Между прочим, несколько дней спустя из УВПС-25 пришла грозная бумажка с требованием немедленно меня туда отослать. Майор Елисеев как раз ехал в Репки. Он говорил обо мне с Богомольцем, и тот сказал, что даже если от него придет вторая, еще более грозная бумажка, никуда меня не отсылать. Я и не подозревал, что обо мне поднялось столько споров. В тот момент я действительно был нужен Пылаеву до зарезу, так как у него остался лишь один командир 2-го взвода — юноша Виктор Эйранов. Командир 3-го взвода Сысоев жестоко поругался с Пылаевым и был отослан в распоряжение штаба 74-го ВСО еще со станции Унеча. Где находился командир 4-го взвода Миша Толстов, я еще буду рассказывать.
Глава пятнадцатая
Самогонная пучина
Разместили мы людей в Коробках удачно и скоро и без особой ругани и скандалов. Председатель колхоза, старшина Середа и я заходили в те хаты, где не обитали военные других частей, и, не обращая внимания на хозяев, писали на дверях цифры — сколько хотим поместить человек.
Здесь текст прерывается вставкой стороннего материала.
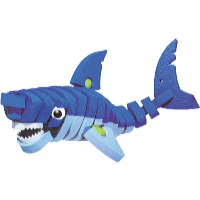 Kids World 3D szivacs puzzle – Tengeri világ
Лучшую хату облюбовали для капитана Пылаева, для его Лидочки и для ординарца, вернее ординарки — хорошенькой Даши. На конце деревни выбрали просторную хату для командирской столовой и рядом для кладовой.
Старшина Середа был человек бойкий, но по натуре интриган и все время за кем-то следил, на кого-то доносил. На меня он нашептывал Пылаеву иногда явную клевету, а иногда сообщал истинные мои проделки.
Но в тот момент размещения роты интересы старшины и мои совпадали, и мы были подчеркнуто любезны друг к другу.